[Collected data]
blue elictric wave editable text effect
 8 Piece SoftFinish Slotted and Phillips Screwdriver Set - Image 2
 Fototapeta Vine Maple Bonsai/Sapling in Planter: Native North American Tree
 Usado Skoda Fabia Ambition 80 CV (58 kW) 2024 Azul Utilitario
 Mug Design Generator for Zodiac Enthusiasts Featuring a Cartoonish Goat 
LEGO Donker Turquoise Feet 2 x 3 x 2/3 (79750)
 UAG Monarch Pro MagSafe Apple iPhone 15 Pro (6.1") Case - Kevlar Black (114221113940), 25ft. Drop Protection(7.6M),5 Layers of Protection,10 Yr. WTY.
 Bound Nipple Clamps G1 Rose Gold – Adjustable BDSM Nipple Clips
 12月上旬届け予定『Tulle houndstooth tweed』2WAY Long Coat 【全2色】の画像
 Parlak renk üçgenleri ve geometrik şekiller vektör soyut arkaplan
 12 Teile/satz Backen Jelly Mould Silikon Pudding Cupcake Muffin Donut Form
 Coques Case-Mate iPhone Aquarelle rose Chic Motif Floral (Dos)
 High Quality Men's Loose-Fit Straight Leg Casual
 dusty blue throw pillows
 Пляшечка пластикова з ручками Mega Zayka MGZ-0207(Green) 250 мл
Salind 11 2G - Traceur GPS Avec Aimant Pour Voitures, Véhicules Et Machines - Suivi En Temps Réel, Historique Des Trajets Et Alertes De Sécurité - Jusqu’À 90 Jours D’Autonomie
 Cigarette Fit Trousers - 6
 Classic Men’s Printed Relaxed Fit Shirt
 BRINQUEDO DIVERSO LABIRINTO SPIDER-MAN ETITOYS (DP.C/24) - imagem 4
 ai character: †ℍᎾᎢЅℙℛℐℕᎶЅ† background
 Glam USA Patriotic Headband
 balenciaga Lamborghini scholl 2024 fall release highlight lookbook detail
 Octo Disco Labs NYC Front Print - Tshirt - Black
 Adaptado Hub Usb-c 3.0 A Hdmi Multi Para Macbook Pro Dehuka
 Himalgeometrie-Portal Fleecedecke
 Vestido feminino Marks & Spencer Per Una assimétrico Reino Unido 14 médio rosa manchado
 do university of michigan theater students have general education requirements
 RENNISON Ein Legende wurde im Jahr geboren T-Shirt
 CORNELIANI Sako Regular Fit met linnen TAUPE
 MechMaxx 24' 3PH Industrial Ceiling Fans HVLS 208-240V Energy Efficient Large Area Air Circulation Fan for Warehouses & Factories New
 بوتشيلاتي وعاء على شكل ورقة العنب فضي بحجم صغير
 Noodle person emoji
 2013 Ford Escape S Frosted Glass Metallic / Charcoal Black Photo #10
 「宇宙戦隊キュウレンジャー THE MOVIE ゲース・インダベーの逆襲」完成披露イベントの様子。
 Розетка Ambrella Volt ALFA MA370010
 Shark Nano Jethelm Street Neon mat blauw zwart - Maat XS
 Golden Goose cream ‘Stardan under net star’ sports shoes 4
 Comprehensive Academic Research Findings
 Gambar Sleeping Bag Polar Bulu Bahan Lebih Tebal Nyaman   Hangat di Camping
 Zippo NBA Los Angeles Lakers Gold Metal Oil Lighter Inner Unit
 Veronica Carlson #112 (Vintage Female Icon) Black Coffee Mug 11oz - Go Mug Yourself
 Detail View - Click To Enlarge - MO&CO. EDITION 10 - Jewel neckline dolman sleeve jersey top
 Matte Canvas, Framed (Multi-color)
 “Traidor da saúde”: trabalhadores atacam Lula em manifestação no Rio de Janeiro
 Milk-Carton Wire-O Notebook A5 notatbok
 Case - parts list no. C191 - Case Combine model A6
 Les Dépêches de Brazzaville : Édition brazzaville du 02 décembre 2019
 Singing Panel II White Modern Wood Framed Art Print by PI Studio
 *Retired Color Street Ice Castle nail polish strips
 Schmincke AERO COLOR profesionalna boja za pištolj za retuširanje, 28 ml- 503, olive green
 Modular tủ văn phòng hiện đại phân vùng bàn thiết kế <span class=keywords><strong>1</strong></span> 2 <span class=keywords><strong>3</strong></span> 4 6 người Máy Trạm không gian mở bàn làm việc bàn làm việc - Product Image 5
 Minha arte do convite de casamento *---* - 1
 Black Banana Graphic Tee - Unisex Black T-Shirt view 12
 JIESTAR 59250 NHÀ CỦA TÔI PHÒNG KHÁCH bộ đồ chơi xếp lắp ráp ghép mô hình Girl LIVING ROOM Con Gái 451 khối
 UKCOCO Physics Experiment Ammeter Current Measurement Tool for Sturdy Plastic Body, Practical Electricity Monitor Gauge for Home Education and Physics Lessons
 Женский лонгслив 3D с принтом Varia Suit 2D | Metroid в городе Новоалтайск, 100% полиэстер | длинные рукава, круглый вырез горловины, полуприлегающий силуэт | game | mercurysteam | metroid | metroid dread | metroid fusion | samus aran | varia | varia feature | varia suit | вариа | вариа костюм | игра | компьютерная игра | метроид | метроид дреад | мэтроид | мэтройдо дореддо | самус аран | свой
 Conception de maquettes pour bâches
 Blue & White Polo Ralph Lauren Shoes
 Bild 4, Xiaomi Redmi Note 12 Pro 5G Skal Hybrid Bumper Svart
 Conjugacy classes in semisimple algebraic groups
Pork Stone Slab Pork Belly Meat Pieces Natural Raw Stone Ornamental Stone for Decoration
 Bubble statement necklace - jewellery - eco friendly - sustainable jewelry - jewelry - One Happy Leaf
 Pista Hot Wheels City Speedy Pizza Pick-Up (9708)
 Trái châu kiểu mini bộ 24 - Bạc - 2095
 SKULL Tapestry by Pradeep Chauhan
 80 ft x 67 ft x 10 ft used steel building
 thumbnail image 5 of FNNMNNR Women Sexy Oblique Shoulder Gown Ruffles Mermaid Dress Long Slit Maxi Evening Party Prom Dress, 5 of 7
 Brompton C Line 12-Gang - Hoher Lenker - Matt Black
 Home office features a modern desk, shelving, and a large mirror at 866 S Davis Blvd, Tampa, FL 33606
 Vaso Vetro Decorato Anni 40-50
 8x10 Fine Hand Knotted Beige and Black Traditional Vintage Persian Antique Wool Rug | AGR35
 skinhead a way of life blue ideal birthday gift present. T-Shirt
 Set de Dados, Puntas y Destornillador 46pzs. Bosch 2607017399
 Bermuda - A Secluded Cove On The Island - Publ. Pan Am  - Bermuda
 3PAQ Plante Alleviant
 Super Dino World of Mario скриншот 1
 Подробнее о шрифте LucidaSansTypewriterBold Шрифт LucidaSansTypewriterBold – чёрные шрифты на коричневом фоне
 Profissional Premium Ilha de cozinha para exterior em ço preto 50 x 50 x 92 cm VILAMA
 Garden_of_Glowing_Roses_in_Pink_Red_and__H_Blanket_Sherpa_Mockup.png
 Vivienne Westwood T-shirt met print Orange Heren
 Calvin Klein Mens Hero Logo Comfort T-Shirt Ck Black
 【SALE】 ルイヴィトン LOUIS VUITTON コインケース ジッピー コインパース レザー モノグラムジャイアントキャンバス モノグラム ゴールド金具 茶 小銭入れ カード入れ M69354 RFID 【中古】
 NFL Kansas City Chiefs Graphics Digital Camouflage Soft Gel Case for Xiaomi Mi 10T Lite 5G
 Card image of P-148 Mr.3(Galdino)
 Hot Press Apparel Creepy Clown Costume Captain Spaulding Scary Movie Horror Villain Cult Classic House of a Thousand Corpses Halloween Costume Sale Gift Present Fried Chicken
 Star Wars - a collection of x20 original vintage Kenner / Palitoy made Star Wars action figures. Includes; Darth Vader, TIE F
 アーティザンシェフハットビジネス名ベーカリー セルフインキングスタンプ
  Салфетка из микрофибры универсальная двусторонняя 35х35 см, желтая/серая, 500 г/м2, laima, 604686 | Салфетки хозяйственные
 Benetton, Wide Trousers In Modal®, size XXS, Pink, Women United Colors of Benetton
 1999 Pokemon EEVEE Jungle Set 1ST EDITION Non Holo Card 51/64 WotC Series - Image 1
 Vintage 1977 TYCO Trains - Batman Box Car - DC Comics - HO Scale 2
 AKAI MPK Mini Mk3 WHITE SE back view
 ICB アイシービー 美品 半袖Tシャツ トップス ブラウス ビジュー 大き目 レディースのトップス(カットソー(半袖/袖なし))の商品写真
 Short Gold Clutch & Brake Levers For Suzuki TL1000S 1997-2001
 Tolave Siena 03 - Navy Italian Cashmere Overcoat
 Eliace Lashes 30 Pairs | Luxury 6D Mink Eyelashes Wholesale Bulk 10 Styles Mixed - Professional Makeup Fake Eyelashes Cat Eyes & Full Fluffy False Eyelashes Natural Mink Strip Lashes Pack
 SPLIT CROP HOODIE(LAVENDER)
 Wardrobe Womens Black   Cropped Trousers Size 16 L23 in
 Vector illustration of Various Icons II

Problem >>
Word for word, restate the lines from the one holding "Салфетка из микрофибры" to the last line of the records.

Task result >>
  Салфетка из микрофибры универсальная двусторонняя 35х35 см, желтая/серая, 500 г/м2, laima, 604686 | Салфетки хозяйственные
 Benetton, Wide Trousers In Modal®, size XXS, Pink, Women United Colors of Benetton
 1999 Pokemon EEVEE Jungle Set 1ST EDITION Non Holo Card 51/64 WotC Series - Image 1
 Vintage 1977 TYCO Trains - Batman Box Car - DC Comics - HO Scale 2
 AKAI MPK Mini Mk3 WHITE SE back view
 ICB アイシービー 美品 半袖Tシャツ トップス ブラウス ビジュー 大き目 レディースのトップス(カットソー(半袖/袖なし))の商品写真
 Short Gold Clutch & Brake Levers For Suzuki TL1000S 1997-2001
 Tolave Siena 03 - Navy Italian Cashmere Overcoat
 Eliace Lashes 30 Pairs | Luxury 6D Mink Eyelashes Wholesale Bulk 10 Styles Mixed - Professional Makeup Fake Eyelashes Cat Eyes & Full Fluffy False Eyelashes Natural Mink Strip Lashes Pack
 SPLIT CROP HOODIE(LAVENDER)
 Wardrobe Womens Black   Cropped Trousers Size 16 L23 in
 Vector illustration of Various Icons II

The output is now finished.